Лан насторожился, пристально поглядел вперед.

Ничего подозрительного. По склону привольно разбегаются стройные зеленые деревца арчи. Тут и там громоздятся обломки скал и каменные глыбы. Желто-серые языки обвалов и осыпей виднеются по распадкам. А по склонам — ярко-зеленая трава в блестках оттаявшего инея.

Там, выше, совсем уже недалеко, — белая, ослепительно блистающая в солнечных лучах снежная страна. До наступления тепла нечего и думать перебираться через горы.

Наконец Лан понял, почему волк насторожился: он почуял добычу.

На одном из дальних камней охотник заметил довольно большого зверька. Он неподвижно сидел на задних лапках и не чувствовал приближения опасности. Серая спинка его лоснилась на солнце, а передние лапки смешно покоились на желтоватом толстом брюшке. Это сурок.

Лан приготовил лук, но отсюда не попадешь — далековато.

Крадучись мальчик стал подбираться к зверьку.

Резкий свист раздался из ближних кустов, и Лан успел заметить промелькнувшего крупного сурка в нескольких шагах от себя. Если бы он увидел его раньше, то, конечно, подстрелил бы. Вот к кому подкрадывался волк!

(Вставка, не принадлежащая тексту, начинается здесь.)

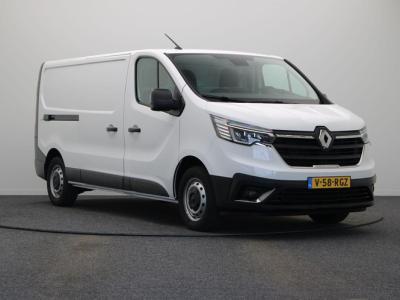 Financial Lease Renault Trafic 2.0 dCi 110pk T30 L2H1 Comfort
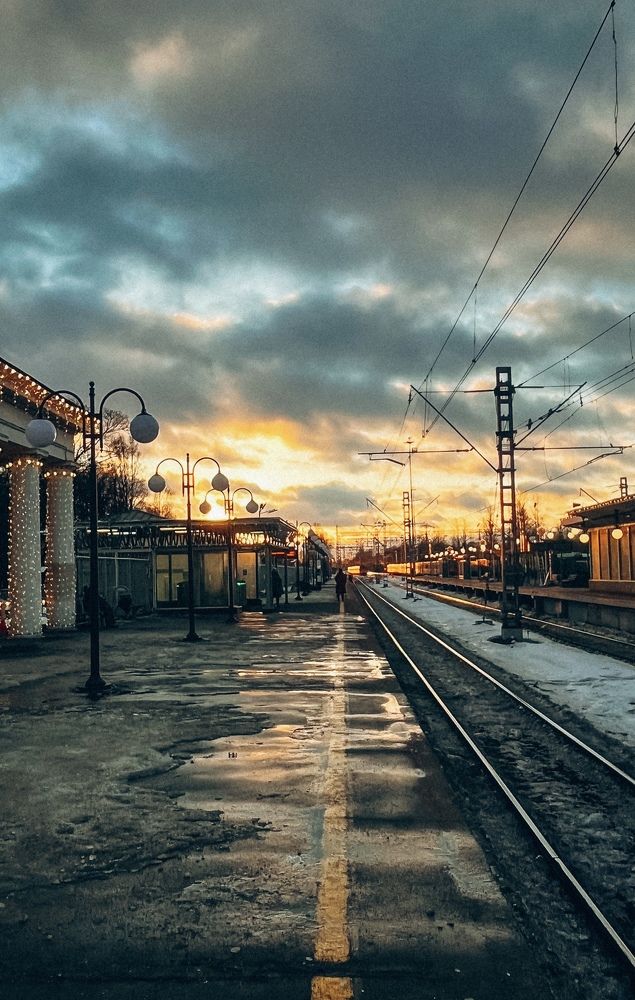 Photograph by Светлана Масютина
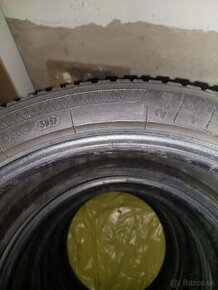 Zimné pneumatiky kleber 235/45R18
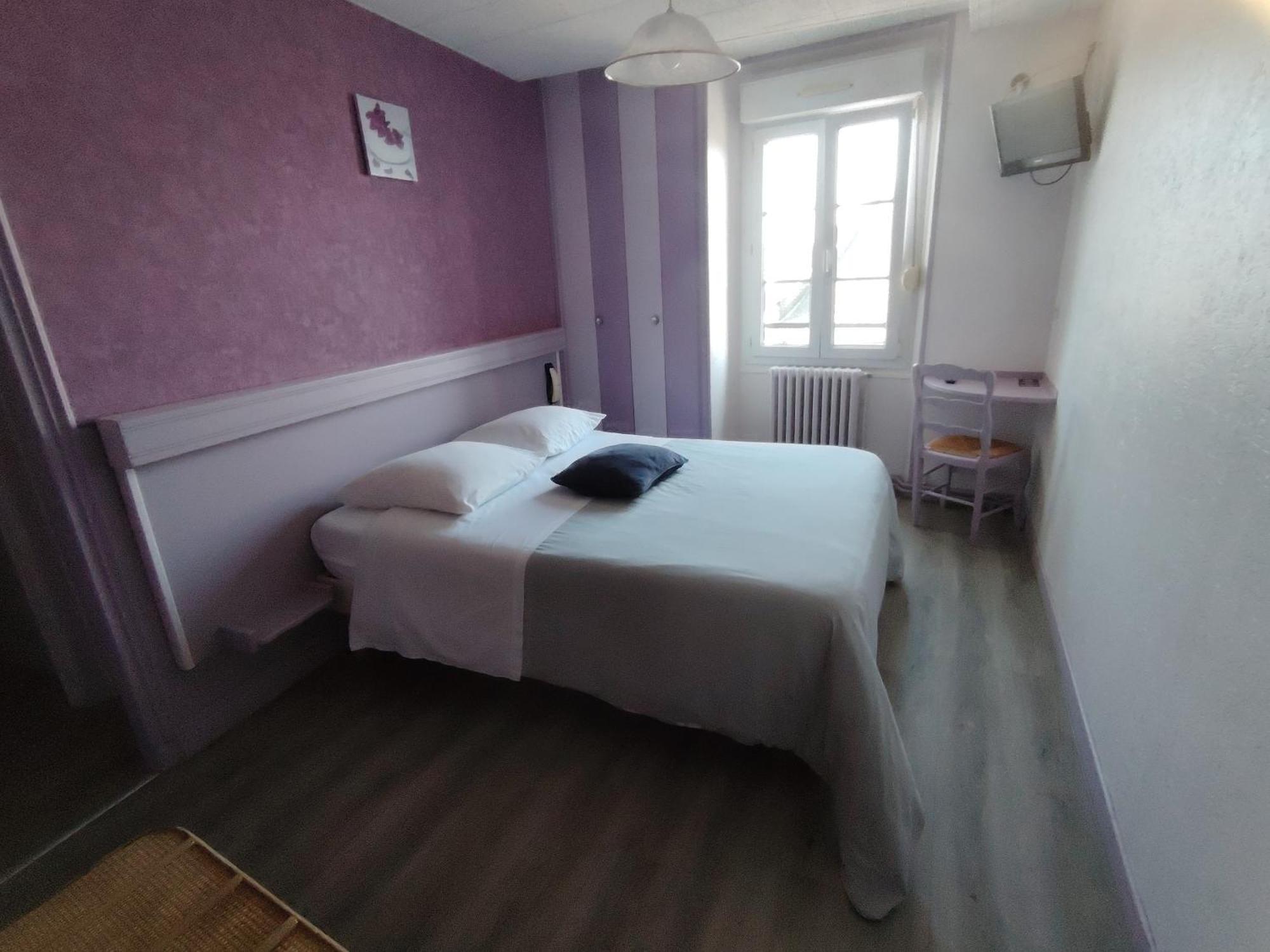 A La Porte Saint Jean La Souterraine Kültér fotó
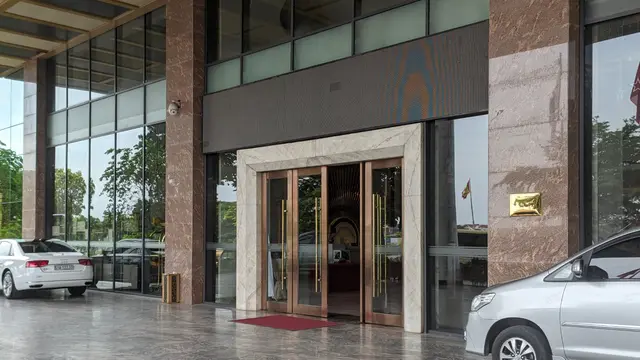 Hotel Timnas Indonesia U-23 SEA Games 2021 Vietnam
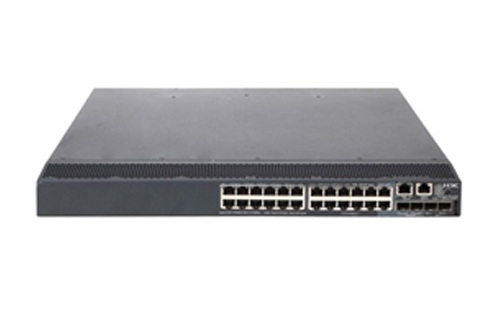 H3C S5500-28SC-HI H3C S5500-28SC-HI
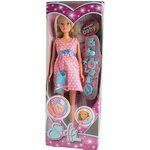 STEFFI LOVE MNQ STEFFILOVE ENCEINTE Smoby SMY105733315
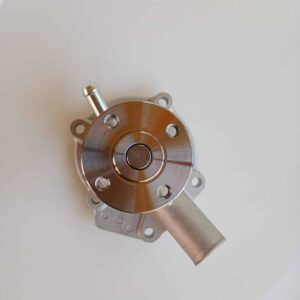 Pompa apa originala Kubota D950 cod 15443-73034 - piesa noua pentru motor industrial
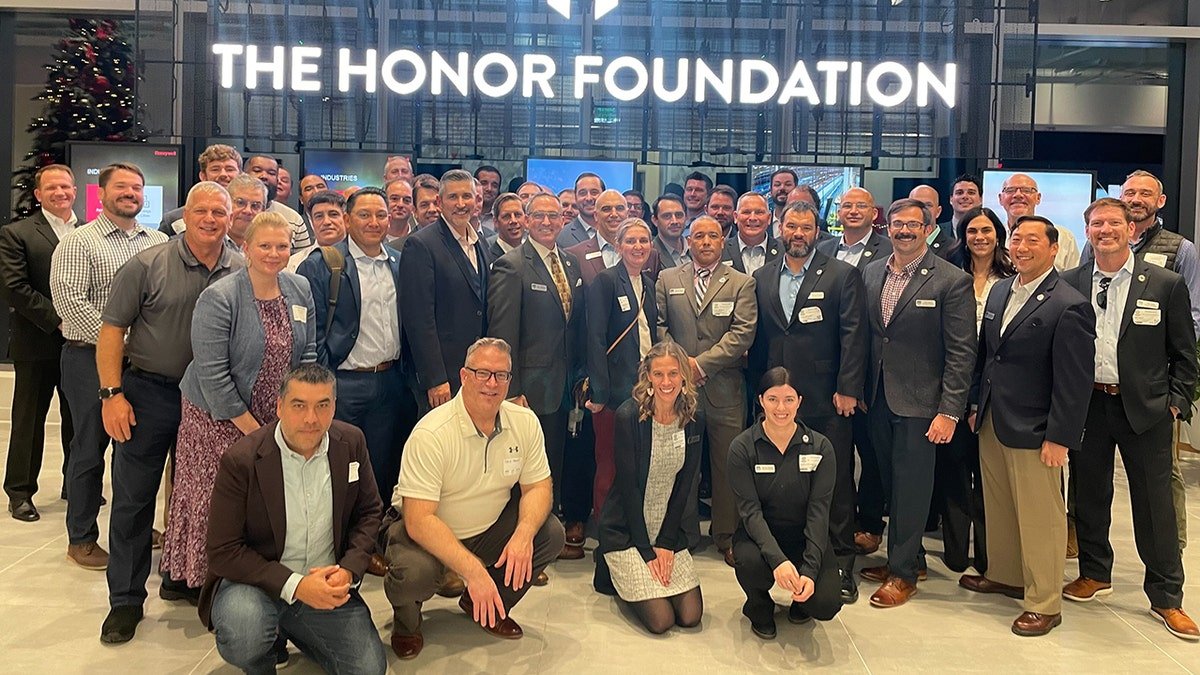 Honor Foundation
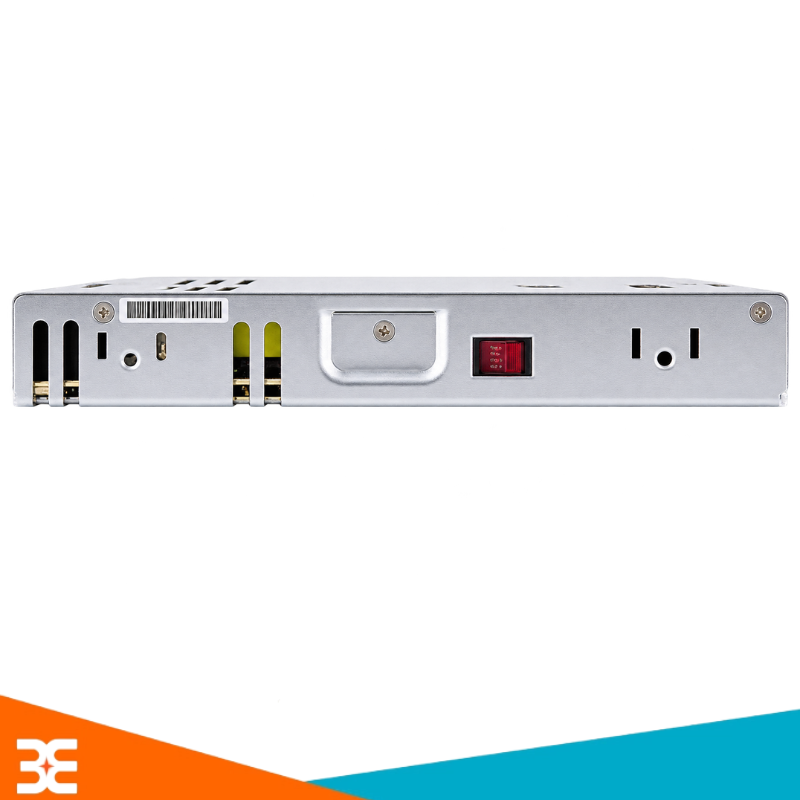 Thông số kỹ thuật bộ nguồn Meanwell LRS-350-24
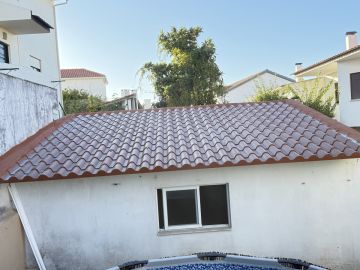 MetalFolli - Sintra - Construção de Casa Nova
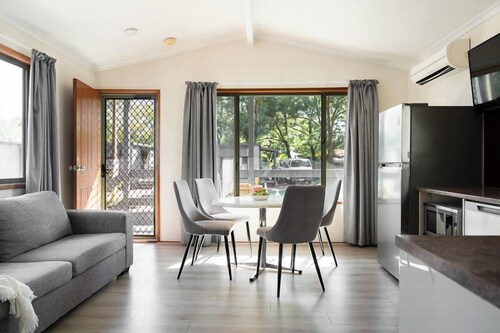 Adelaide Caravan Park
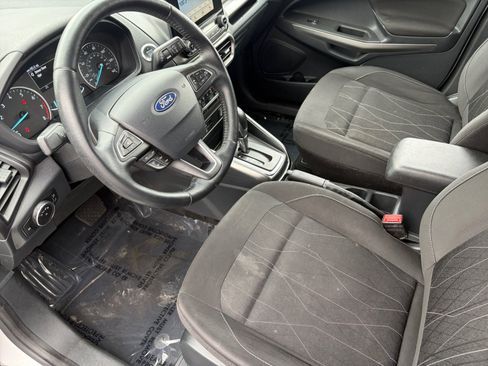 Used 2018 Ford EcoSport SE AWD/4WD image 10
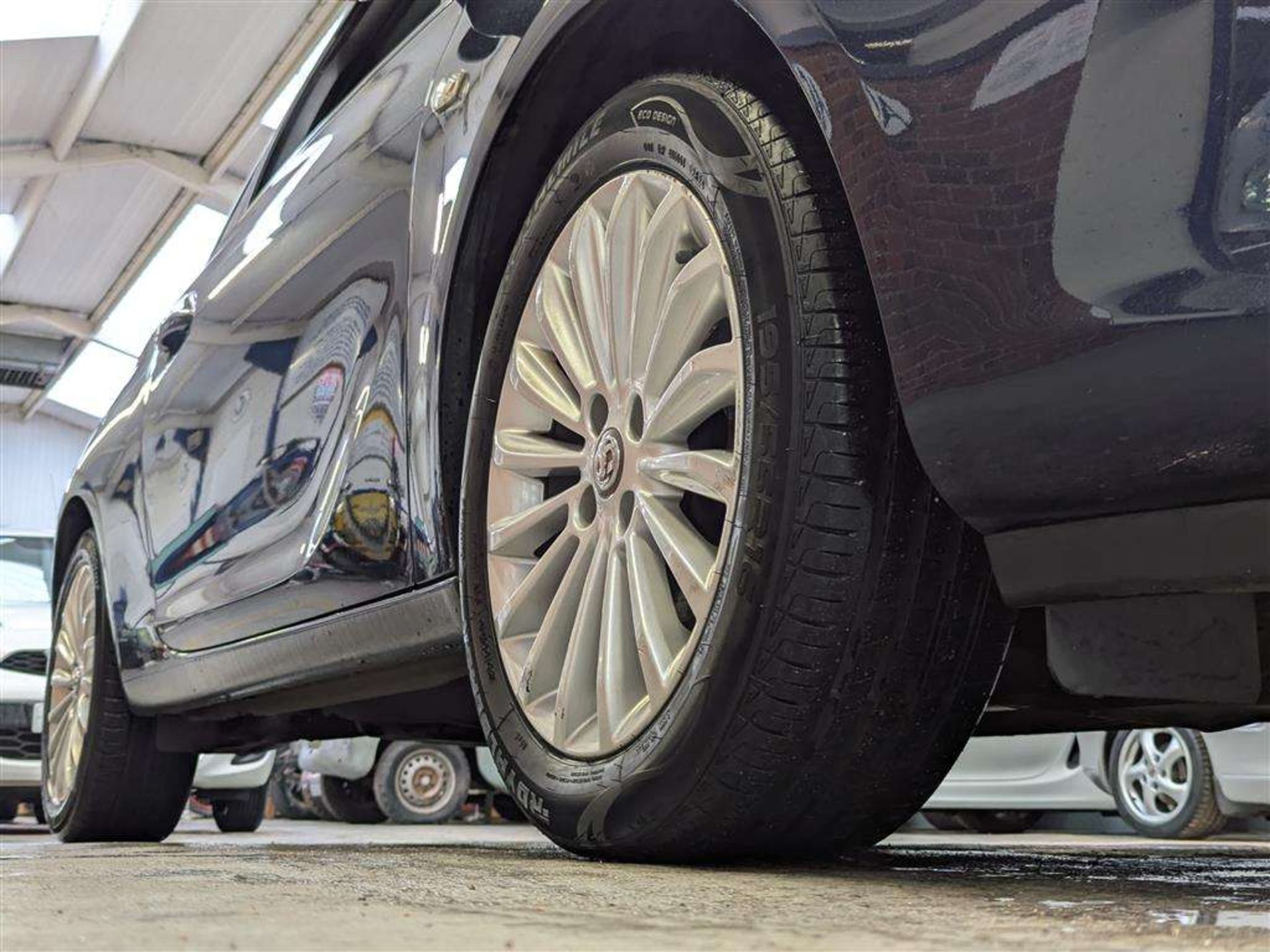 2014 VAUXHALL ADAM GLAM - Image 13 of 28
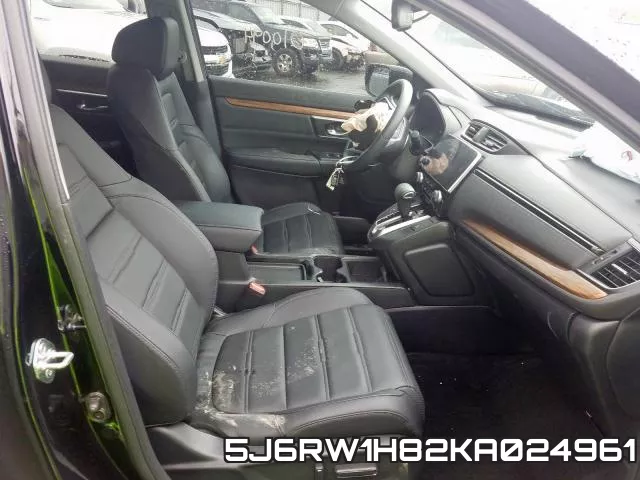 5J6RW1H82KA024961 фото 3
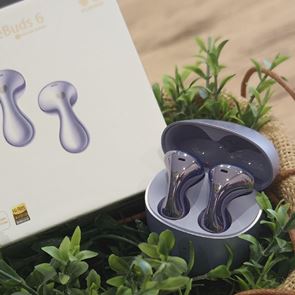 Τα HUAWEI FreeBuds 6 συνδυάζουν άνεση και κορυφαίο ήχο [Tech Review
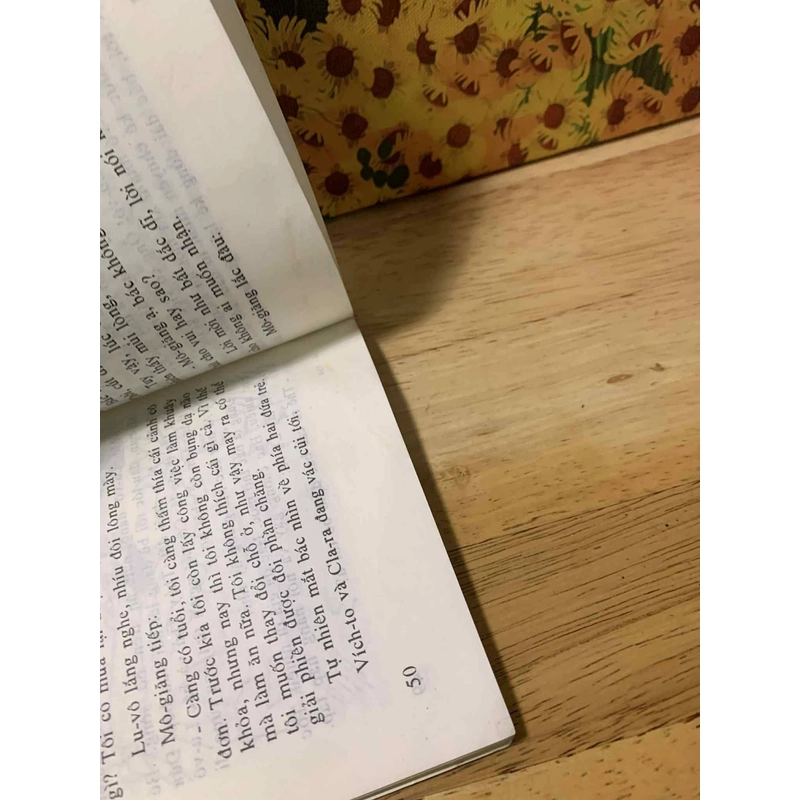 Thuyền Ni-Vê xinh đẹp - Alphonse Daudet 538485
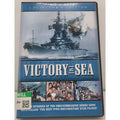 Victory At Sea (DVD, 2009, 2-Disc Set, Collector’s Edition)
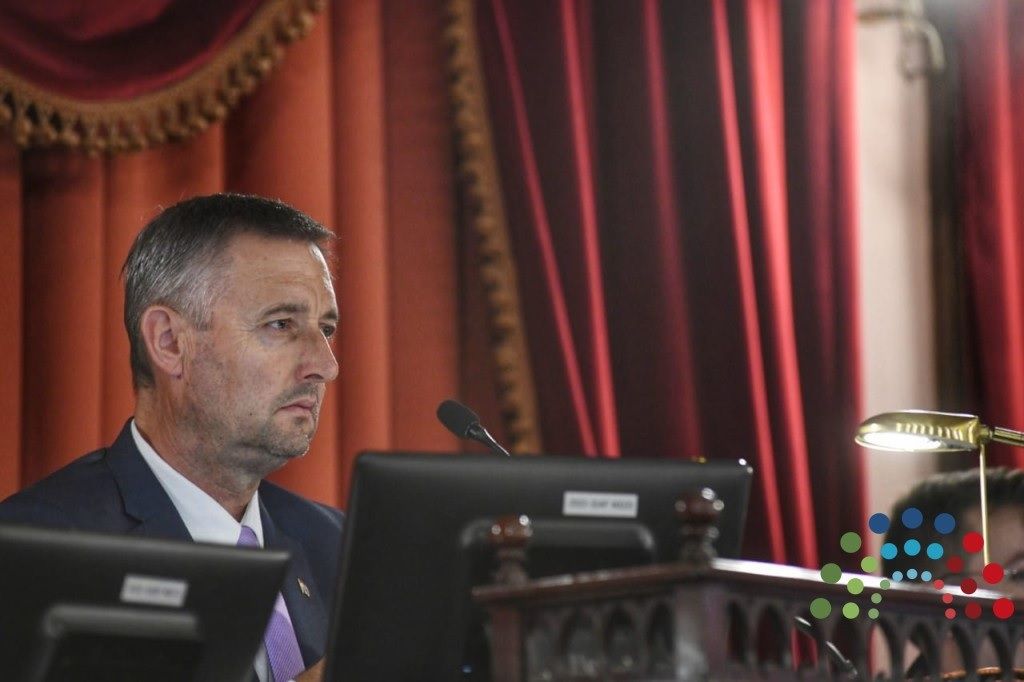 El gobierno envía sus primeras propuestas legislativas a la Cámara de Diputados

Тревожный свист повторился с разных сторон, и зверьки вмиг попрятались в норах. Тут было много этих нор.

Охотник присел неподалеку от одной из них со стрелой наготове и стал дожидаться, когда покажется зверек. Замерз, а сурки все не показывались.

— Соба, — обратился Лан к волку, который прилег рядом, — ты живешь с людьми много лун. Ты охотишься рядом. Скажи, как узнаешь ты, когда зверь близко?

Волк беспокойно поднялся и перелег на другое место.

— Скажи, соба. Я тоже хочу узнавать так.

Мальчику показалось, что зверь хитро прищурился и улыбнулся.

— Не хочешь говорить?.. Или ты не знаешь наших слов? Это просто: гляди, я — Лан. Ну, скажи: «Лан».

Утомленный пристальным взглядом мальчика, волк зевнул нервно, в голос, и прикрыл глаза своим пушистым хвостом.

— Эх ты, соба!

Лан огорчился непонятливостью зверя. «Ничего, — подумал он, — соба скоро узнает наши слова и скажет свою тайну».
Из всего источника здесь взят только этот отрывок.